15Conoscere è esistere: l’esistenza è tanto del soggetto che conosce quanto dell’oggetto o meglio dei soggetti che vengono conosciuti, ed esistere significa diventare attraverso nuove nascite, che vogliono attraversare e oltrepassare confini culturali, temporali e geografici. L’ultima tappa dell’itinerario intellettuale ed esistenziale di Guiducci sono le testimonianze, tra letteratura di viaggio e trattato etnografico, che la scrittrice ci lascia, in All’ombra di Kali e in Il grande Sepik, dei suoi viaggi rispettivamente in India e Nepal e in Australia e Papua Nuova Guinea.
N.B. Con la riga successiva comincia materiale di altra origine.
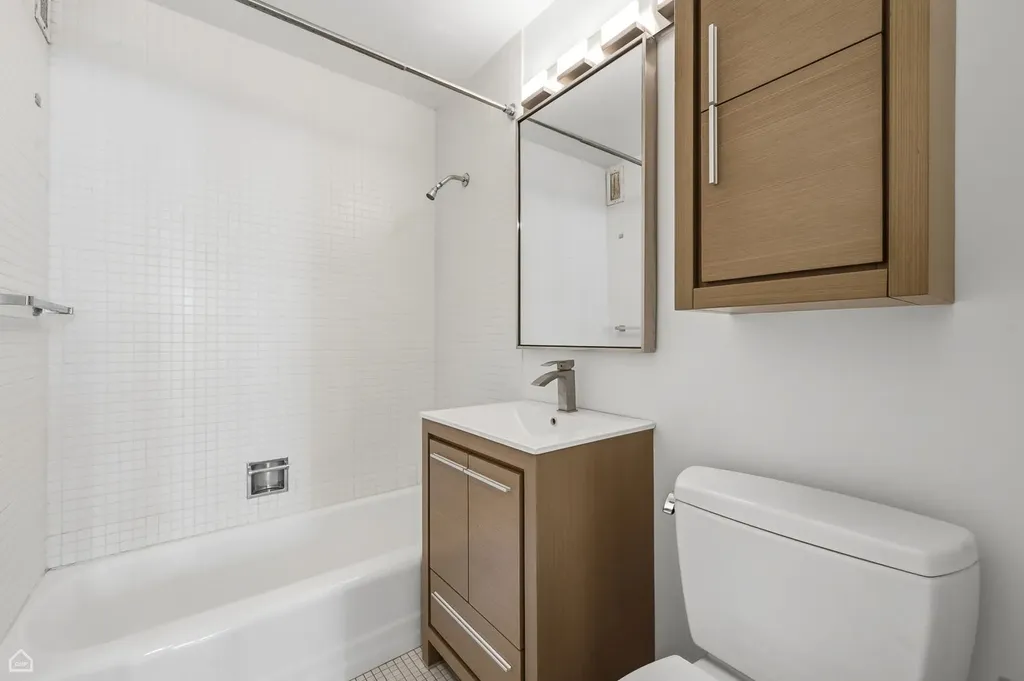 400 East Randolph Street Chicago IL 60601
Ecco la nuova sfida dell’identità femminile — in costante formazione e sempre in movimento — quella che trasforma il femminismo in esperienza e impegno transnazionali e accetta il rischio di un orientalismo dal punto di vista femminile, nella consapevolezza che, scrive Guiducci, «non esistono soluzioni individuali» alla crisi della civiltà occidentale, alla violenza che essa ha perpetrato nei secoli contro le donne, alla perdita della sua «capacità di contrastare la morte sulla terra con i progetti e la grandezza visionaria», e nella convinzione che «[l]e strade della liberazione sono collettive»15. Le parole di Guiducci, con cui ci congediamo, esortano a superare la tentazione dell’isolamento, della solitudine che rassicura e protegge e, in fondo, del narcisismo della differenza, a favore di un impegno comune all’azione culturale, sociale e politica, di una presenza attiva nella storia in nome di una democrazia dell’uguaglianza che è veramente tale solo se accoglie, rispetta e valorizza le differenze.